Bisnis.com, DENPASAR - Rasio kredit bermasalah atau nonperforming loan (NPL) perbankan di Bali terpantau menurun seiring adanya kebijakan restrukturisasi kredit.
Berdasarkan data Otoritas Jasa Keuangan (OJK), NPL perbankan di Bali pada Oktober 2020 adalah sebesar 3,36 persen. Rasio NPL terpantau mengalami penurunan pada Desember 2020 dengan besaran 2,97 persen.
Sementara itu, khusus perbankan yang berkantor pusat di Bali yakni BPD Bali, 134 BPR, dan 1 BPRS juga mengalami penurunan NPL. Hingga Desember 2020, rasio NPL BPD di Bali sebesar 2,61 persen atau lebih rendah dibandingkan rata-rata perbankan di Bali.

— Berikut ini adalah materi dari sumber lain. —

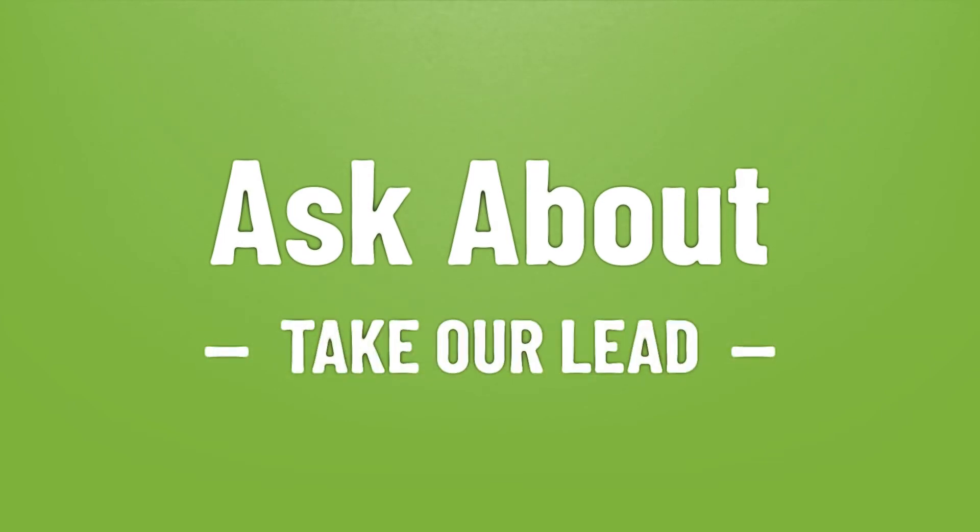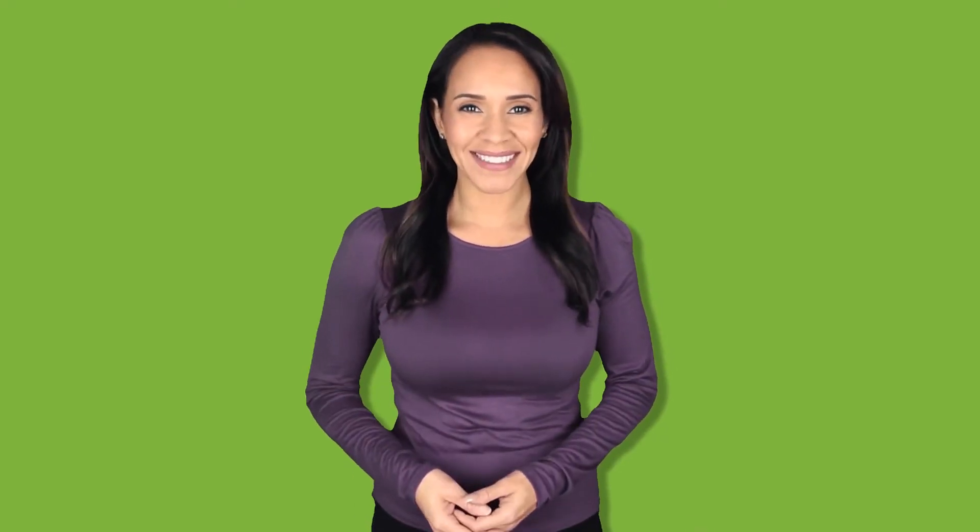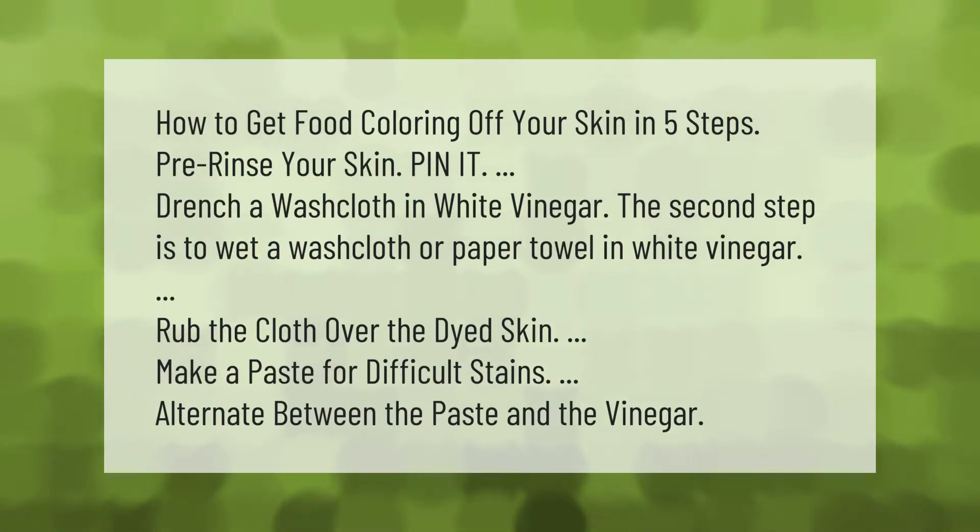How to get food coloring off your skin in five steps. Pre-rinse your skin, then drench a washcloth in white vinegar.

Rasio NPL BPR maupun BPRS yang berkantor pusat di Bali terpantau mencapai 7,47 persen.
Seiring dengan penurunan NPL tersebut, jumlah debitur yang menerima restrukturisasi kredit juga meningkat. Dari 15 April 2020 hingga 31 Desember 2020, ada sebanyak 184.254 rekening yang mendapatkan restrukturisasi dengan outstanding kredit mencapai Rp28,89 triliun.
Dari realisasi restrukturisasi tersebut, OJK melaporkan restrukturisasi telah disalurkan kepada 79,1 persen debitur terdampak atau 84,21 persen dari keseluruhan outstanding kredit perbankan di Bali.
Kepala OJK Regional 8 Bali dan Nusa Tenggara Giri Tribroto mengatakan, pandemi Covid-19 memang telah memperngaruhi rasio kredit bermasalah perbankan dengan puncak tertinggi terjadi pada April 2020. Namun, setelah periode April 2020, presentase NPL perbankand i Bali berangsur-angur menurun.
"NPL berangsur-angsur mengalami penurunan yang juga dipengaruhi oleh diterapkannya POJK No. 11 Tahun 2020 tentang restrukturisasi Kredit," katanya kepada Bisnis, Rabu (3/2/2021).
Lebih lanjut Giri menegaskan, perbankan di Bali telah memenuhi syarat pemberian restrukturisasi kredit bagi nasabah terdampak pandemi sesuai yang tercantum dalam POJK 11/2020. Dalam ketentuan POJK tersebut, debitur yang mendapatkan restrukturisasi adalah yang terdampak pandemi dan kondisi usahanya masih berjalan dengan baik dengan kolektbiltas kredit 1 dan 2.
"Jadi bank harus yakin debitur yang direstrukturisasi dengan POJK 11/2020 karena dampak pandemi dan jangan ada moral hazard," sebutnya.